AIM OF THE TASK: Below are the records; repeat exactly their lines between the line holding "VW Golf 3. SOLGT" and the line holding "Piąte zdjęcie samochodu", inclusive, skipping the pictures.

GIVEN DATA:
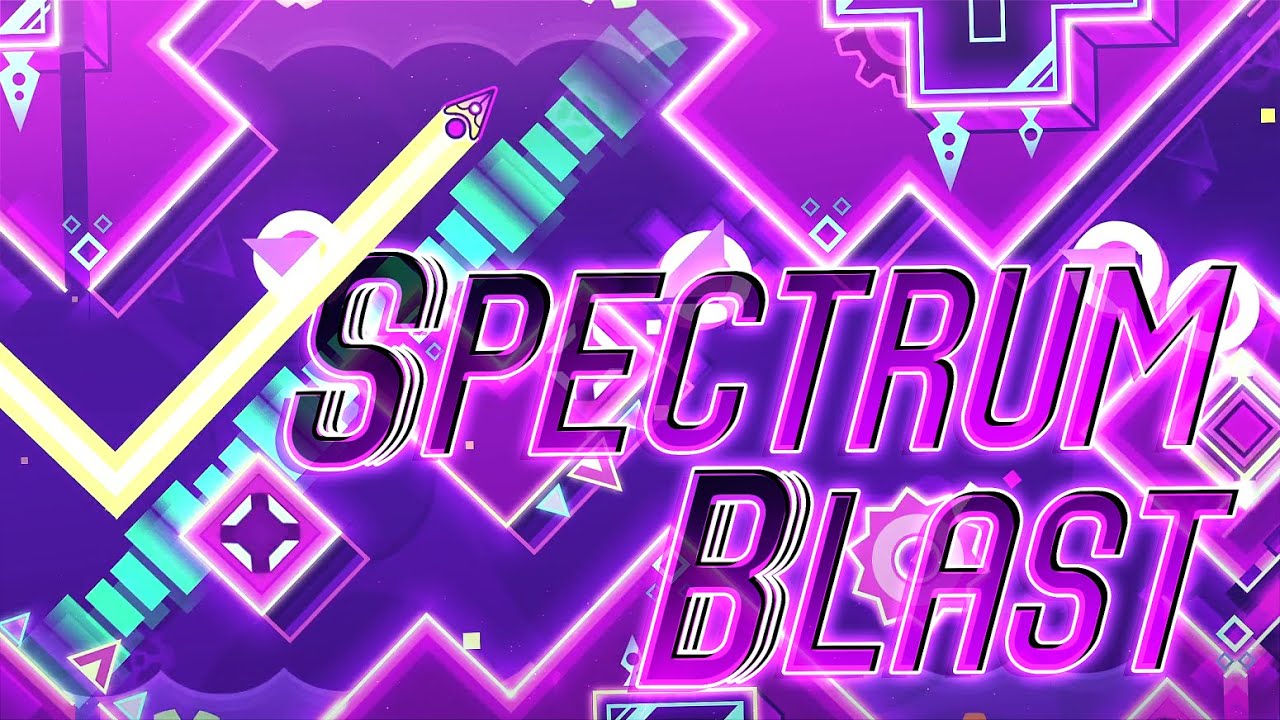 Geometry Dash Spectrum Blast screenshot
---
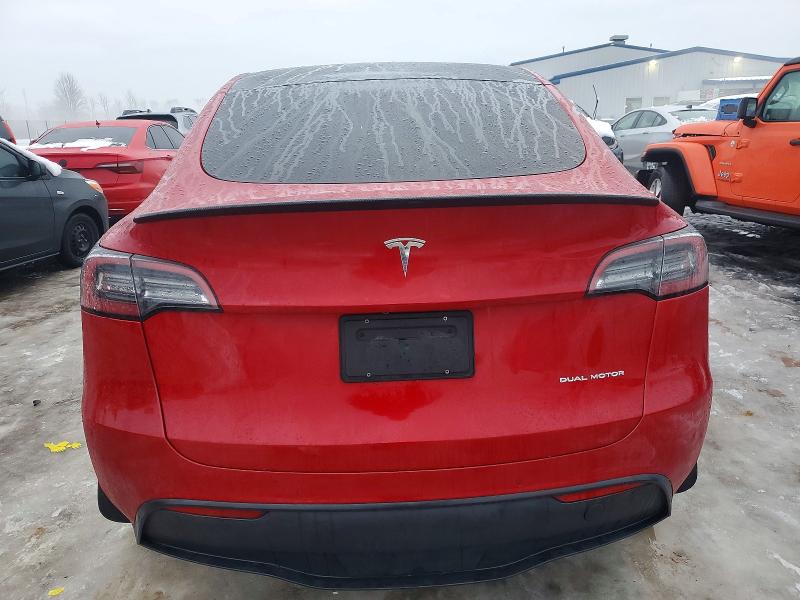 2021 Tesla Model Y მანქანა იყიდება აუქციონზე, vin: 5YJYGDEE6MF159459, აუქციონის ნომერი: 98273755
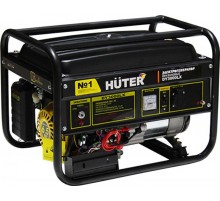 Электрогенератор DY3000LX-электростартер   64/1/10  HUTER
--
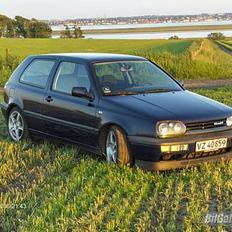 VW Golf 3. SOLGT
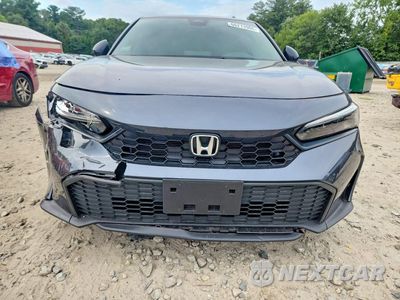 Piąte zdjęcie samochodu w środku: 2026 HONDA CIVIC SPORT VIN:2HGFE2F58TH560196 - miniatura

SOLVED EXERCISE:
 VW Golf 3. SOLGT
 Piąte zdjęcie samochodu w środku: 2026 HONDA CIVIC SPORT VIN:2HGFE2F58TH560196 - miniatura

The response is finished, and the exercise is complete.